President Vladimir Putin of Russia has confirmed that he will visit Serbia on October 19 for the 70th anniversary celebration of the Soviet Red Army's liberation of Belgrade at the end of the Second World War.
At meetings with Serbian President Tomislav Nikolic and Prime Minister Aleksandar Vucic, talks will focus on bilateral cooperation over the South Stream gas pipeline, part of which is to pass through Serbia.
Serbia and Russia are closes allies and - despite pressure from Brussels - Serbia has refused to join sanctions imposed on Russia in relarion to its involvement in the crisis in Ukraine.
Belgrade has also refused to abandon its plans to participate in the Russian-managed gas pipeline.
Belgrade officials insist that the project is crucial for Serbia's energy sustainability and cannot be sacrificed.
The South Stream pipeline will pump natural gas from Russia under the Black Sea, then through Bulgaria and Serbia towards Hungary, Slovenia and Italy.
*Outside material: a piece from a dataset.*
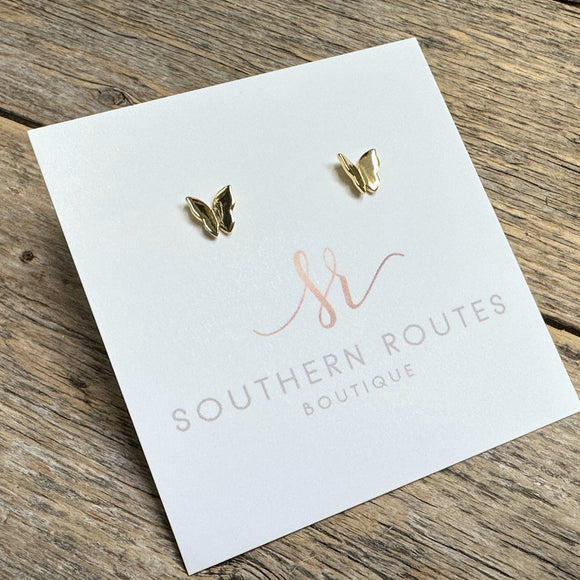 Butterfly Petite Stud Earrings | Gold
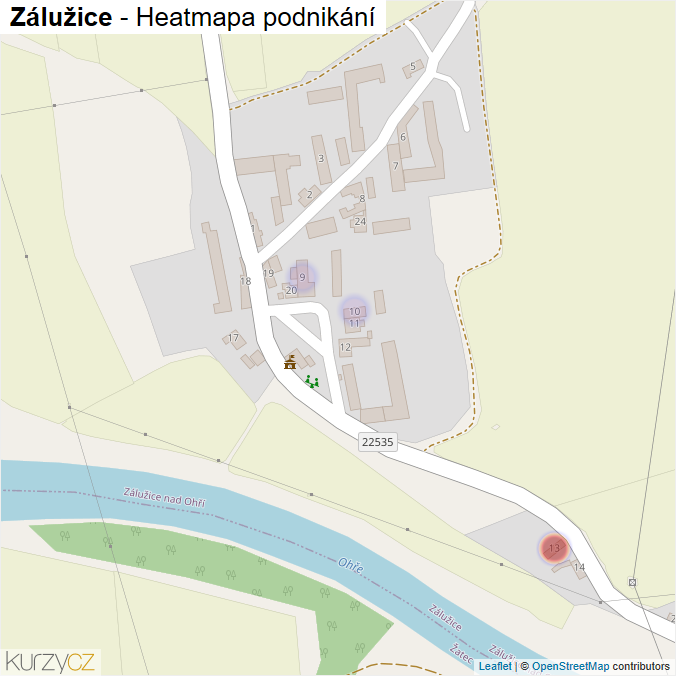 Mapa Zálužice - Firmy v části obce.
The Serbian section of the pipeline will run for 421 kilometres.
The European Commission has already forced Bulgaria to suspend its participation in the project, claiming that the Russian state-run energy giant, Gazprom, would have a monopolistic position over the pipeline, which would violate internal EU regulations.
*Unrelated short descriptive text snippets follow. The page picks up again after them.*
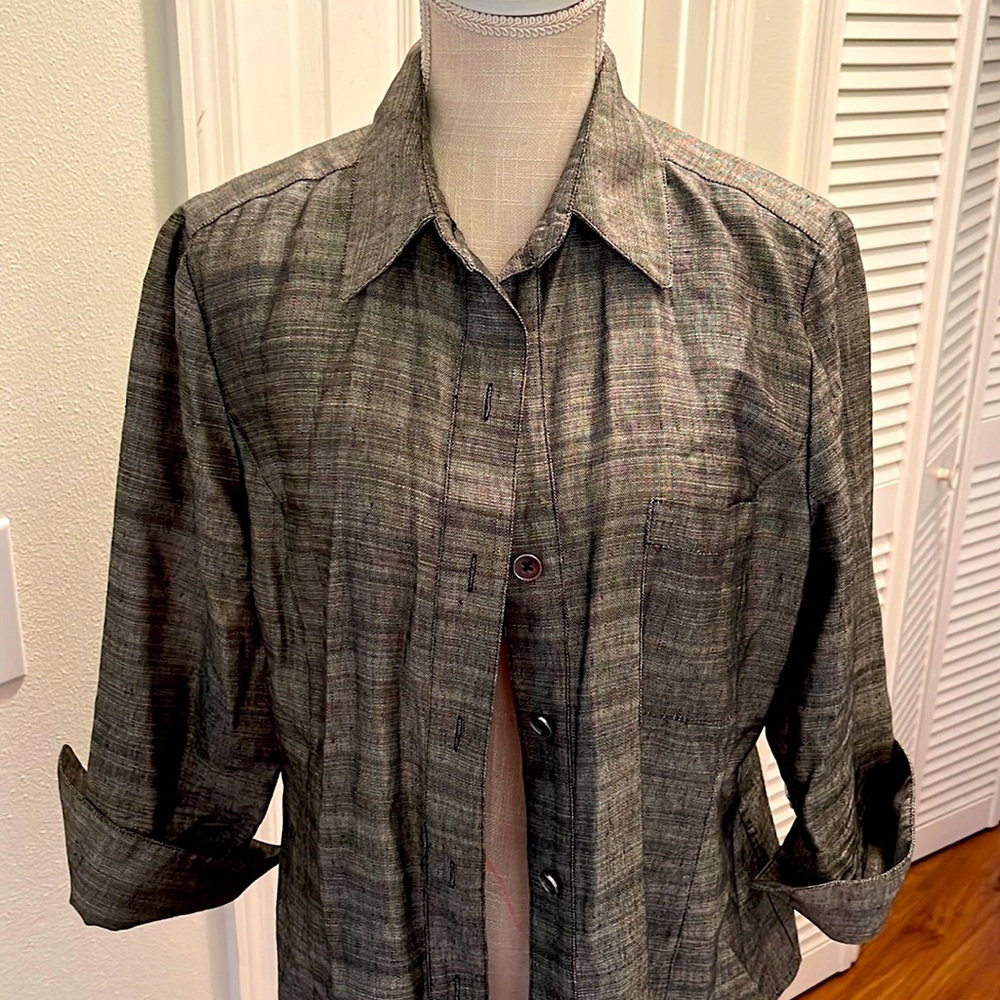 Linda Allard Ellen Tracy linen/silk blend blazer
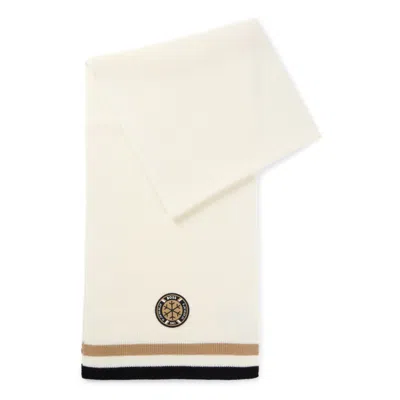 Hugo Boss Ski Virgin-wool Scarf With Logo Badge In White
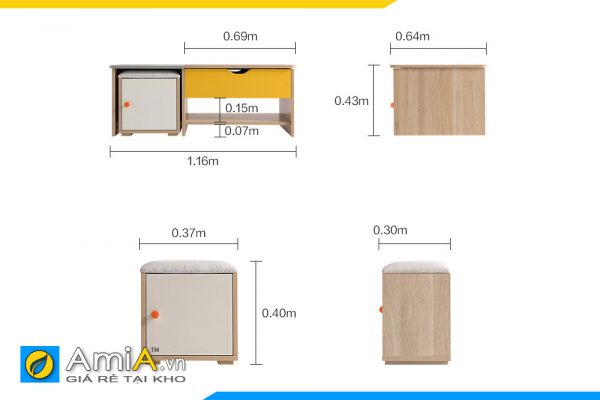 Hình ảnh Chi tiết kích thước bàn trà gỗ công nghiệp MDF AmiA BAN 090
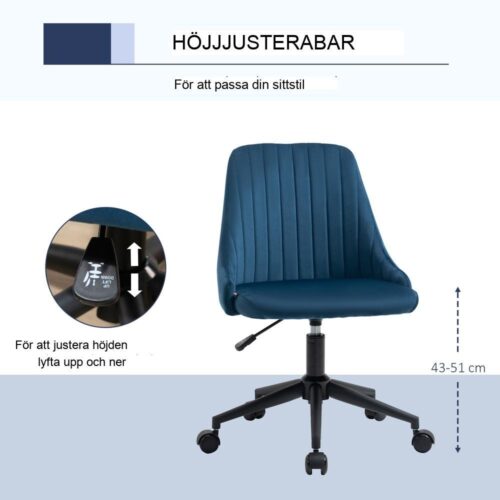 Ergonomisk blå kontorsstol, höjdjusterbar med svängbara hjul och tjock stoppning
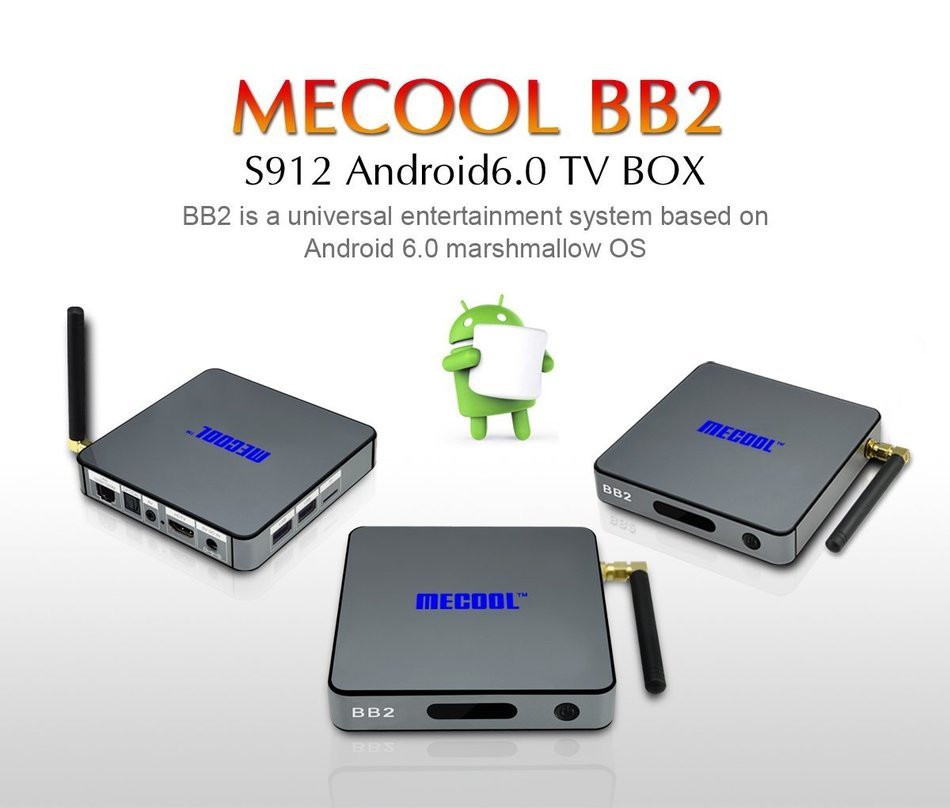 BB2 Amlogic S912 Octa-core Android 6.0 TV Box 2GB RAM 16GB ROM 4K ULT Streaming Media Player/Internet TV Support... N3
The EU is keen to reduce Europe's energy dependence on Russia.
Putin's confirmation of the Belgrade visit comes at a time of unprecedented international pressure on Moscow from the US and some European countries over Ukraine, which has heightened dramatically since the downing of the Air Malaysia flight over eastern Ukraine, killing all 298 passengers on board.
Putin is widely blamed for arming the pro-Russian separatists in eastern Ukraine who likely shot down the plane by mistake.
Putin was last in Belgrade in March 2011, when he met the then President, Boris Tadic, visited the Serbian parliament, the Red Star football stadium and the Orthodox cathedral of St Sava.